■ **How to complete this task**
Copy exactly the last part of the entries, starting from the line with "관계와 삶을 바꾸는 기질" and including the final line.

■ **Data in this exercise**
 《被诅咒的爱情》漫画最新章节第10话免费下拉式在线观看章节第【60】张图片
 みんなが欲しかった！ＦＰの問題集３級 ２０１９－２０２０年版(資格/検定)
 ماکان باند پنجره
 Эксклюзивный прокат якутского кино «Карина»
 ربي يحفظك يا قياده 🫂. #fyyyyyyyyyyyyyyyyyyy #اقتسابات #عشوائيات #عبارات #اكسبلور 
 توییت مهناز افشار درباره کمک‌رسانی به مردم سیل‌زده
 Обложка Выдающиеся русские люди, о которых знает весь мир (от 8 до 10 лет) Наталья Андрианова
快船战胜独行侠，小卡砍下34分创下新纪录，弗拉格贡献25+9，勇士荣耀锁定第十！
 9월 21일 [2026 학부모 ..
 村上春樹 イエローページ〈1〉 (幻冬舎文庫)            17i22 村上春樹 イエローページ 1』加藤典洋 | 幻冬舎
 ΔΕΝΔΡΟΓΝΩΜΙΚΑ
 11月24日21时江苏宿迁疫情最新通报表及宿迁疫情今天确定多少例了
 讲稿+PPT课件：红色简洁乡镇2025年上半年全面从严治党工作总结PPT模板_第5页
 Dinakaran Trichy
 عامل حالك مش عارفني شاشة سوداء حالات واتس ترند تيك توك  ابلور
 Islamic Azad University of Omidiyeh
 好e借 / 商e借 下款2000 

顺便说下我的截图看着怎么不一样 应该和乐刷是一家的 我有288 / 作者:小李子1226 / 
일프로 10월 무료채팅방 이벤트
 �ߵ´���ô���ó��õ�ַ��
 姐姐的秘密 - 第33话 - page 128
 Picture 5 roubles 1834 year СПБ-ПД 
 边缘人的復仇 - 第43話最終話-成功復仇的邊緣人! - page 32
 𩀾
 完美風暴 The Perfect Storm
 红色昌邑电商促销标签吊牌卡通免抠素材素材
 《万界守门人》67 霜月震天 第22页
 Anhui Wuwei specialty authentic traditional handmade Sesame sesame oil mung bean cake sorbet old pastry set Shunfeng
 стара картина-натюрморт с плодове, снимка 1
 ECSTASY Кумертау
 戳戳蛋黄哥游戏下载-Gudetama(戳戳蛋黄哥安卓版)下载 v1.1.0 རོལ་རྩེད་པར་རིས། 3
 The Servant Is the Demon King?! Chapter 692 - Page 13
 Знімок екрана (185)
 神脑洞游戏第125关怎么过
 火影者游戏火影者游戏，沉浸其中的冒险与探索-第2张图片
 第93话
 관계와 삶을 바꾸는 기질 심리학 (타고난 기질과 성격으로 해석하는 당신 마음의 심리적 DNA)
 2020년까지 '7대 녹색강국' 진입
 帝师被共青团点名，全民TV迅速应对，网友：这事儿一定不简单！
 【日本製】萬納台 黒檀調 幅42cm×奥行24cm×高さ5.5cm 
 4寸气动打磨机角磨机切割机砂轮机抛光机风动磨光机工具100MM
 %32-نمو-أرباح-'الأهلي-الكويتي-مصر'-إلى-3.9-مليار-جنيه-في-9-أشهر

■ **Answer section**
 관계와 삶을 바꾸는 기질 심리학 (타고난 기질과 성격으로 해석하는 당신 마음의 심리적 DNA)
 2020년까지 '7대 녹색강국' 진입
 帝师被共青团点名，全民TV迅速应对，网友：这事儿一定不简单！
 【日本製】萬納台 黒檀調 幅42cm×奥行24cm×高さ5.5cm 
 4寸气动打磨机角磨机切割机砂轮机抛光机风动磨光机工具100MM
 %32-نمو-أرباح-'الأهلي-الكويتي-مصر'-إلى-3.9-مليار-جنيه-في-9-أشهر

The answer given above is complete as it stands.